With Australian demand for crude oil and condensate officially forecast to rise 60 percent in the next 25 years and domestic production projected to decline from 2009, one of the biggest economic issues -- where will the nation's supplies be sourced -- has been getting an airing this month both at the annual Australian Petroleum Production & Exploration Association conference and in a Senate committee.

More than 1,250 paying delegates turned up for the APPEA conference on the Gold Coast where the Association chairman, Reg Nelson, managing director of Beach Petroleum, suggested that domestic oil production would peak in 2008 at 577,000 barrels per day and slide away to the point where in 2015 it is meeting only 20 percent of national needs compared with 60 percent today.

Nelson painted a picture of Australia in 2015 reducing the large and growing cost of importing oil and petrol products by exporting more than 50 million tonnes of LNG per year and argued that the opportunities exist, through new oil exploration using advanced technology, both to search more extensively in proven field areas and to extend the hunt in to "frontier" areas.

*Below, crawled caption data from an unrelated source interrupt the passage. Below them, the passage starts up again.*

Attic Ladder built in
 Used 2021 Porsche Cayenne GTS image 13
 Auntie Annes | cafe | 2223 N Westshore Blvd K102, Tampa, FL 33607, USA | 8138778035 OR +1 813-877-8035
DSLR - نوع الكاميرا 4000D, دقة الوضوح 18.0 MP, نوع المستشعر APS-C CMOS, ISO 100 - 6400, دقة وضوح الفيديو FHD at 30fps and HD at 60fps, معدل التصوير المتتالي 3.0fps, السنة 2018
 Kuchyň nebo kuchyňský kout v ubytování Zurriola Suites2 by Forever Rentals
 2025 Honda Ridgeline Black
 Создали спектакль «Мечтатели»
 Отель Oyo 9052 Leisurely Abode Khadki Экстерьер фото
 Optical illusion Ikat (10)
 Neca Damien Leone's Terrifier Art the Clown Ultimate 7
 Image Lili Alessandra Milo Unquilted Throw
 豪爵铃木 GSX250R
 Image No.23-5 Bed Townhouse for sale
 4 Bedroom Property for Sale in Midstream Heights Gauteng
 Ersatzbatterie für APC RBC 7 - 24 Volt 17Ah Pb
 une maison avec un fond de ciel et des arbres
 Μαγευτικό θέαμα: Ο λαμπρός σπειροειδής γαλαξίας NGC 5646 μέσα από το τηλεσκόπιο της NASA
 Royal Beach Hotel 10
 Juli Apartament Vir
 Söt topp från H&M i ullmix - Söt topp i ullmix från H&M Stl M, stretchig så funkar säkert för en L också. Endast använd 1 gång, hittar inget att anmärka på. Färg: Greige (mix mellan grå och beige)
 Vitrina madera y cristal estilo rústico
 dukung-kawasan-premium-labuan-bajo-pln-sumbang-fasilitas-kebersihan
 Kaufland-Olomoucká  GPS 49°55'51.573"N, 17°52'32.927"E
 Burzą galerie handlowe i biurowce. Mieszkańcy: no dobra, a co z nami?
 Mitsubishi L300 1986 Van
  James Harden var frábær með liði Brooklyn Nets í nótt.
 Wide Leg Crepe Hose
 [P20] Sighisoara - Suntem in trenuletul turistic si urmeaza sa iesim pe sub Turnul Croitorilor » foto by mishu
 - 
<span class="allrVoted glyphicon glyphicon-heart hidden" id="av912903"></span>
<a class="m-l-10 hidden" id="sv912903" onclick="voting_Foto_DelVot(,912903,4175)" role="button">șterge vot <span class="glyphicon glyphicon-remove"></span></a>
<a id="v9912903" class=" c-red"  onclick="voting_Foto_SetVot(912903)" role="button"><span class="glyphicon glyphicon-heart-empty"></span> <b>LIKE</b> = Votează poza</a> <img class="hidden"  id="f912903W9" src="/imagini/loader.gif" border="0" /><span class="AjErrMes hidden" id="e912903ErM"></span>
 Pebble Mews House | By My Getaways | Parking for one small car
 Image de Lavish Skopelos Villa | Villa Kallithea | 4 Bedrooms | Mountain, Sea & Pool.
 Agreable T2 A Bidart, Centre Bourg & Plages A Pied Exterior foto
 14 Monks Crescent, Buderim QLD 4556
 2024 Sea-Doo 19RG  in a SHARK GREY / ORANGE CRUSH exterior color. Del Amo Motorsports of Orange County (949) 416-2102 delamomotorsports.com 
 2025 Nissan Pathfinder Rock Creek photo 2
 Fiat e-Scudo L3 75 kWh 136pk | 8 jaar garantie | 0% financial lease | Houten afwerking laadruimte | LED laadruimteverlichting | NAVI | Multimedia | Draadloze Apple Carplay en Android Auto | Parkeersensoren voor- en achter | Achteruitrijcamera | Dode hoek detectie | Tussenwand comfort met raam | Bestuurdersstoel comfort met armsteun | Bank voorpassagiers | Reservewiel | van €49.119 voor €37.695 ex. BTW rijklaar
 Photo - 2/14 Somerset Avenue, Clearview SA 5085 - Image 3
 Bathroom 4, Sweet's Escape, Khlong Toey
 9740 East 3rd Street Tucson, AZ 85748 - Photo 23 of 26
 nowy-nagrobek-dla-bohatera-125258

National Industry & Resources Minister Ian Macfarlane, speaking by video link because the conference coincided with the Federal Budget,  claimed that overseas companies are "queuing at the door" of Geoscience Australia to access the geophysical data being remastered to higher definition under a $61 million program. He sees the tax incentives for designated frontier exploration areas as proving increasingly attractive to explorers. The Government is also promoting investment through what the Minister calls more effective, consistent and efficient regulation of offshore exploration and production. Macfarlane is now urging the States and the Northern Territory to move swiftly to enact mirror legislation to the new Offshore Petroleum Act, which passed the Federal Parliament in March.

Queensland Premier Peter Beattie was conspicuous by his absence from the conference. APPEA traditionally attracts State premiers to do the conference opening honours. Beattie's failure to put in an appearance is the more odd given his March contribution to the Senate Rural & Regional Affairs & Transport References Committee, which is currently studying future oil supply and alternative transport fuels.  Beattie has personally sent in a State Government submission which highlights the trebling of Australia's petroleum trade deficit over the past 10 years and calls for continued investment in oil exploration and discovery. The submission presses for a review of all offshore areas, except those of environmental significance such as the Great Barrier Reef, for their petroleum potential.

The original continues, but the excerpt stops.